» ABOUT THIS EXERCISE: Beneath this line is the data. Output exactly the lines from the line with "Hand Holding ID: Brown Skin Tone Hand" to the line with "Alt view image", both ends included, and nothing more.

» GIVEN DATA:
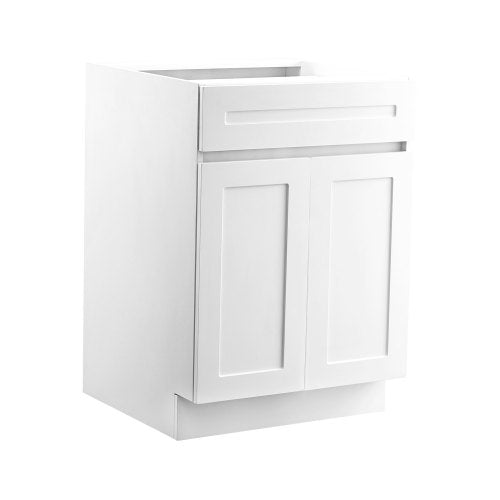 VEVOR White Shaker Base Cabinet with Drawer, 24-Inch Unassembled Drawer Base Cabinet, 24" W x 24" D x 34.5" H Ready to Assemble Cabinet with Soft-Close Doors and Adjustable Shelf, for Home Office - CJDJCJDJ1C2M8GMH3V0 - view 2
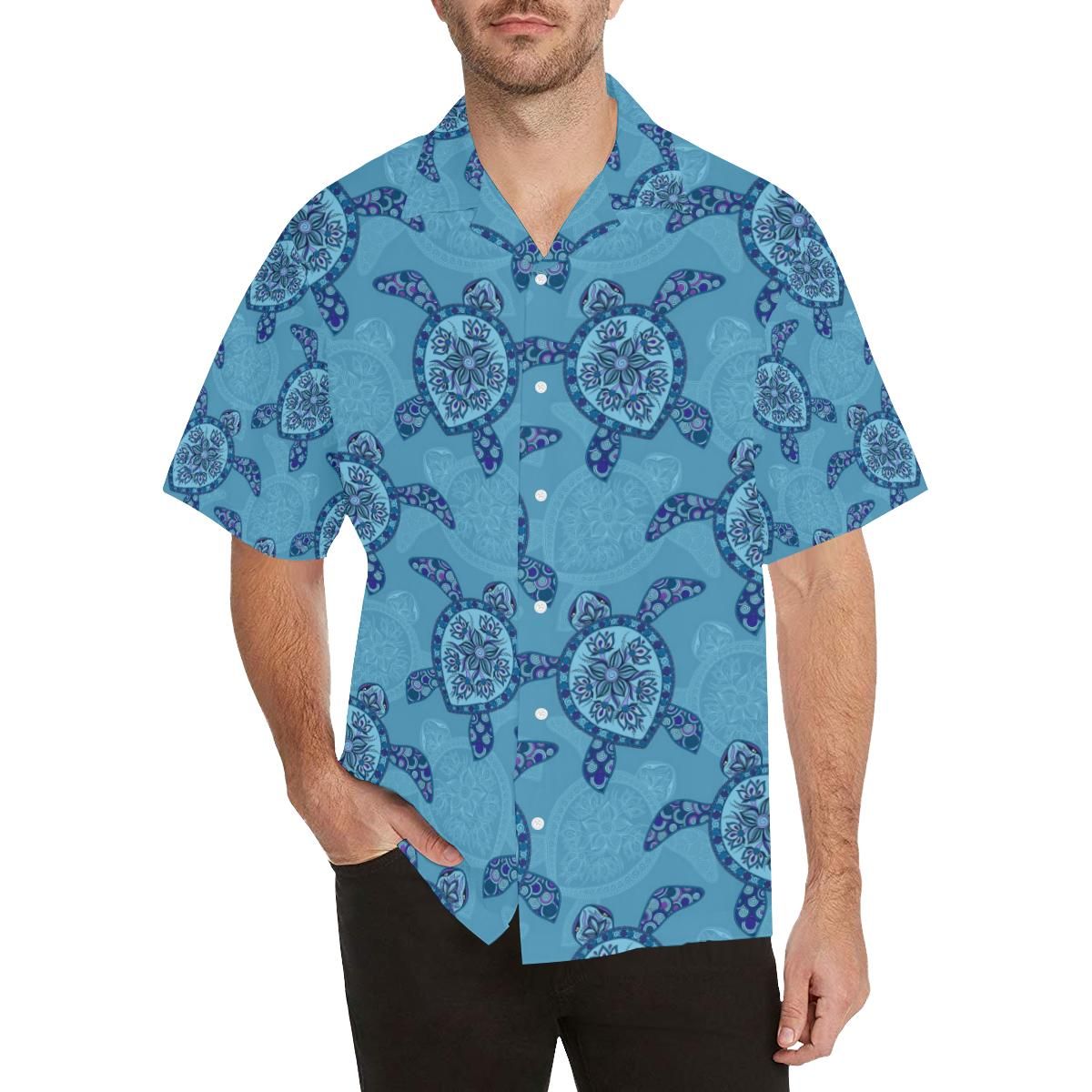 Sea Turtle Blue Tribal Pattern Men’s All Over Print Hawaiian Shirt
* * *
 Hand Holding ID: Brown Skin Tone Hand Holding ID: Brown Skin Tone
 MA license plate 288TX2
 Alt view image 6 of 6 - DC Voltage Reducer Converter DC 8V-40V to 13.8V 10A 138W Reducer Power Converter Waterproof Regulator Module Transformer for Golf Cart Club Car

» RESPONSE:
 Hand Holding ID: Brown Skin Tone Hand Holding ID: Brown Skin Tone
 MA license plate 288TX2
 Alt view image 6 of 6 - DC Voltage Reducer Converter DC 8V-40V to 13.8V 10A 138W Reducer Power Converter Waterproof Regulator Module Transformer for Golf Cart Club Car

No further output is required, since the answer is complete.